From the line containing "Bir şeyden korkan" down to the line containing "2017 TRENDS stamp", copy out the entries below exactly, both lines included, and nothing else; pictures do not belong in the copy.

__THE DATA__:

+---+

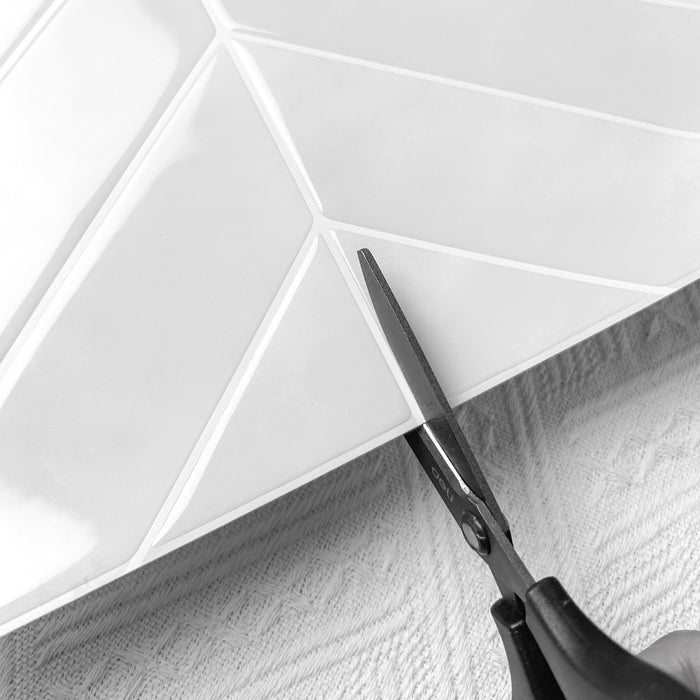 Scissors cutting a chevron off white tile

+---+

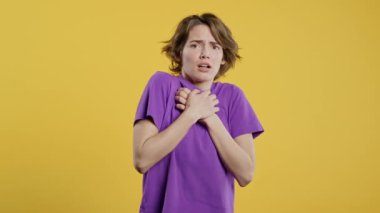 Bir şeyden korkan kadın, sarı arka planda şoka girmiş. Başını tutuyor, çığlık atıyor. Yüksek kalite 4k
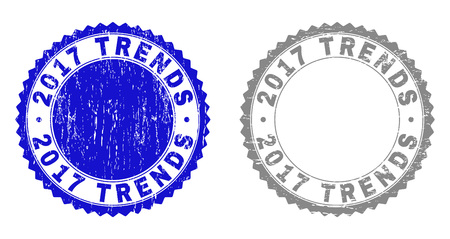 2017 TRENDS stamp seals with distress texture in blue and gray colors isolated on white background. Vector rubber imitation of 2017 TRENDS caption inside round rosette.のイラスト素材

+---+

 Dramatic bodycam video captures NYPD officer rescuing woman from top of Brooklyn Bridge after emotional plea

+---+

__ANSWER SECTION__:
 Bir şeyden korkan kadın, sarı arka planda şoka girmiş. Başını tutuyor, çığlık atıyor. Yüksek kalite 4k
 2017 TRENDS stamp seals with distress texture in blue and gray colors isolated on white background. Vector rubber imitation of 2017 TRENDS caption inside round rosette.のイラスト素材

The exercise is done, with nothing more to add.